OK, some of this answer is _known_ for a _certain fact_ -- which part might apply to each of you we'll have to zero in on:
- Faulty hardware:
- One of your onboard chips is bad - handset replacement is required. The common culprits here would be memory or power-supply related.
- Your SD card is - or has gone - flaky. If you've been mounting your phone as a USB drive, and just unplugging it without doing the eject/unmount thing (because many people think that's ok because stuff works when they skip that step), then you've been playing Russian Roulette. You might have an error on your SD card such that some data an app is using (or an SD-card installed app) that is otherwise ok is now being sent to screwball-land: garbage-in, reboot-out. You can actually fix this doing the appropriate first aid/cleanup on your SD card - I recall more than one person solving their reboot problem this way.
- You have a faulty USB cable. This could cause reboots while plugged in - and if that's happened, then that _might_ (I say might) have included some shorting that could've degraded your main board hardware (first bullet point above).
- Faulty battery. C'mon - on a new phone, I totally doubt it - but it's possible. If you've been in and out of your case or doing battery pulls and have problems - now's the time to clean your battery contacts. Might not help, but it couldn't hurt when chasing something this nefarious.
- Poor application software - VERY POOR:
- I'm unqualified to say what the state of the software developer's kit is like (the tools the devs use) for Android - but it's not uncommon for devs to cut corners - especially the less-experienced ones.
- It's next to impossible to find The Silver Bullet - that one app that we can agree causes reboots - because of the old Firesign saying: two wrongs don't make a right - but three do.
- Some combination of apps and background services CAN lead to a system fault that would cause a reboot.

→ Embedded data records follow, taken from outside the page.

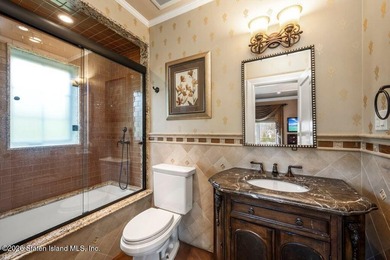 Beyond a private gated entrance and sweeping drive, this - photo 35
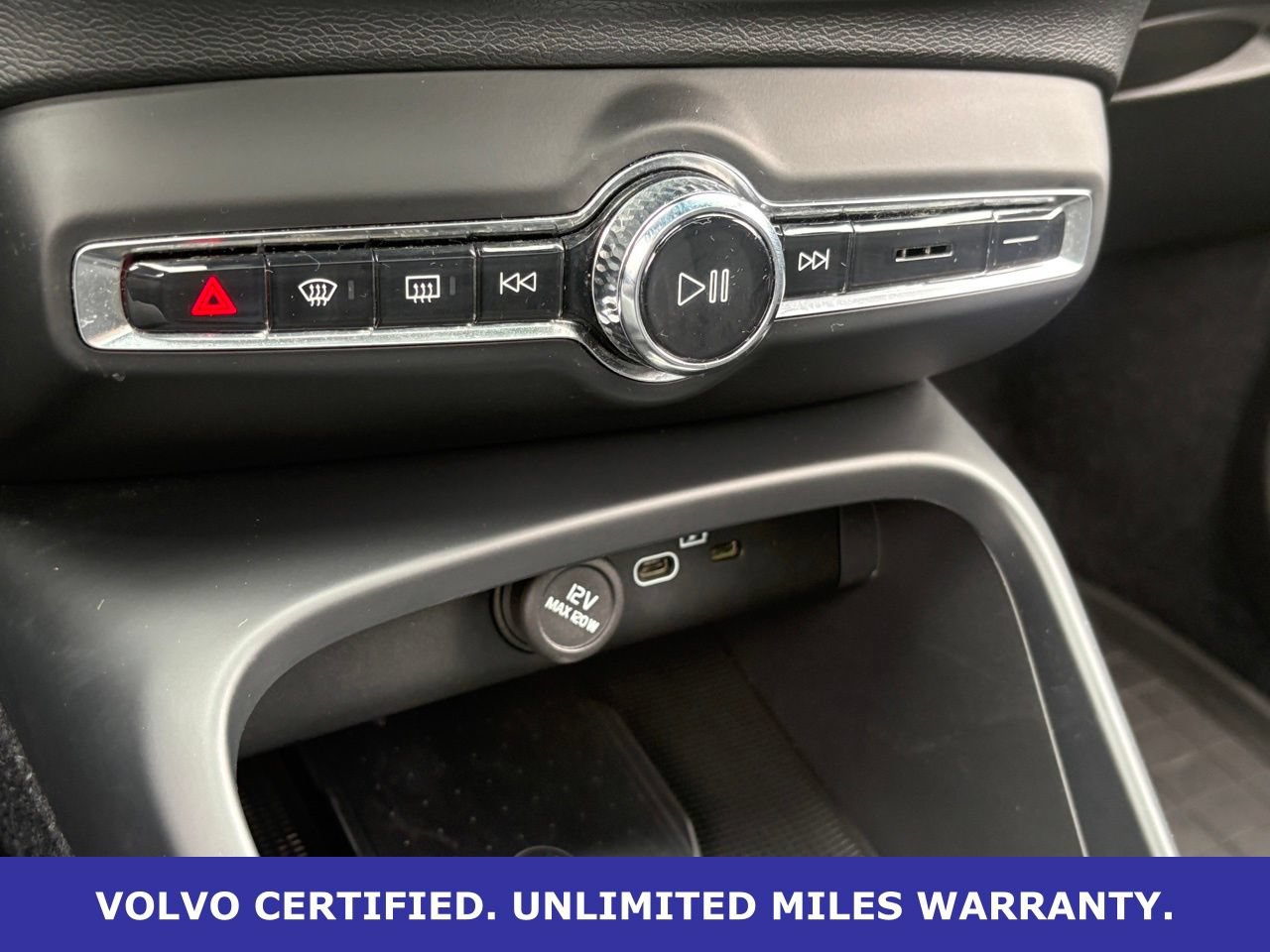 Certified 2023 Volvo XC40 B5 Plus w/ Climate Package AWD/4WD image 22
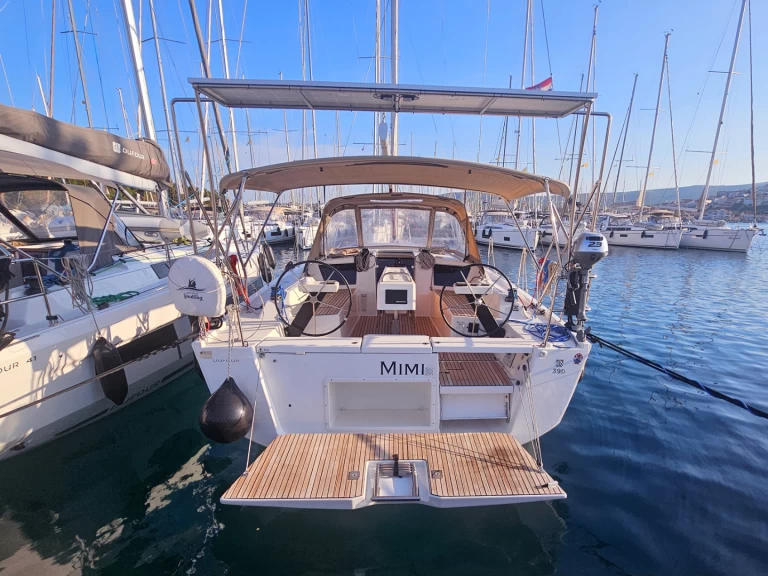 Sailboat hire in Rogoznica - Dufour Dufour 390 Grand Large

Taking just me as but one case - I have over 60 apps installed. Who of us mere users has about a man-year to put together a survey and correlation matrix to zero in on the problem? Not me.
- About the only thing you can do to narrow this one down is painful - but insanely effective: remove your apps, run your phone stock. If it reboots and you've got a clean setup, the phone's defective, take it back. Otherwise - install one app, run a day or two, confirm no reboots, install the next app - lather, rinse, repeat. If it's app related, you WILL find either the offending app - or - will have an app that is unhappy with another.
- Unstable operating system:
- Android 2.2 on the Evo is well-designed and stable. The large number of people without the reboot problem proves that out.
- Dirty and tangled caches and data areas, unique to Android:
- A big culprit. These get cleaned up when you do a factory reset. Many have solved their reboot problems following this backup/reset/restore procedure. Again - it's not The Silver Bullet that will kill monster - but has worked for some people. (I'm reading lately this hasn't worked for many of you, so I'm not posting without reading - I'm just putting this out for those that haven't tried it you - because it has worked for some people. See: http://androidforums.com/evo-4g-support-troubleshooting/141369-how-fix-froyo.html
OK - that all said, I totally empathize and sympathize with each and every one of you having this problem.
I can't say that I expect this post to be totally helpful per se, but maybe we can use this info together to take a sorta engineering or sorta systematic, step-by-step approach and see if we can collaborate until we narrow in on a fix for this very terrible problem.
I'm up for it, we've solved other big problems in this Evo forum this way before, and I'm pulling for you guys.
I'll agree in advance that this should be Sprint/HTC's job - but we know that can be hit or miss - and users pulling together is what we do best around here.